SOURCE DATA START

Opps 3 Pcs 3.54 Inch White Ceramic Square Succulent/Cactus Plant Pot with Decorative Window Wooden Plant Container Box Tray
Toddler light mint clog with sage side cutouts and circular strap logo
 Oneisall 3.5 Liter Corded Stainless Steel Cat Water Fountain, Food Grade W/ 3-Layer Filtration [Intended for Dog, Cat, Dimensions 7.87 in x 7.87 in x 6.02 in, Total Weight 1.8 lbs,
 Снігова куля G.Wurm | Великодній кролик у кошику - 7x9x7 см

SOURCE DATA END
SOURCE DATA START

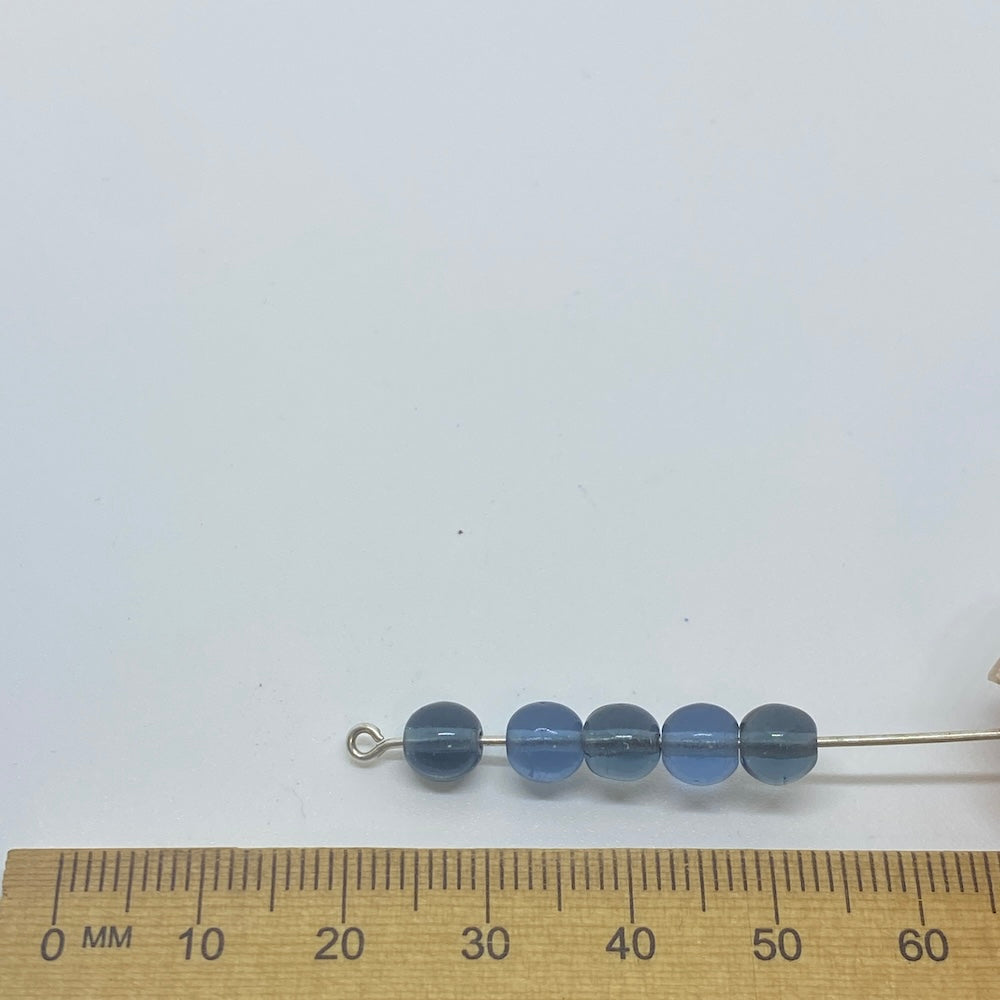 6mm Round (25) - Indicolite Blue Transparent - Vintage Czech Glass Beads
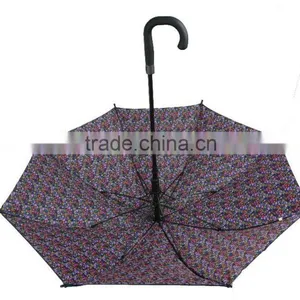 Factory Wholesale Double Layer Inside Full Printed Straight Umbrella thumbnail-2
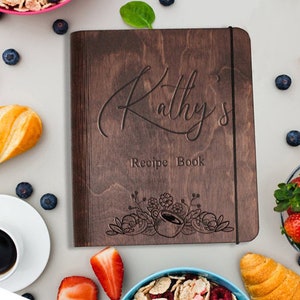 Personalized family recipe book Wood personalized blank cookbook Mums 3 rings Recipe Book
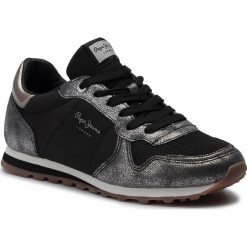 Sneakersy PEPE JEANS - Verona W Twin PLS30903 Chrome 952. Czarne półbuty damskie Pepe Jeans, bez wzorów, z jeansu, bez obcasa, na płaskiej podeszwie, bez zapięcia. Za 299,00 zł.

SOURCE DATA END

WORK REQUEST: Where does the string "with" appear in the records? Copy every line that holds it.

RESPONSE TO THE EXERCISE:
Opps 3 Pcs 3.54 Inch White Ceramic Square Succulent/Cactus Plant Pot with Decorative Window Wooden Plant Container Box Tray
Toddler light mint clog with sage side cutouts and circular strap logo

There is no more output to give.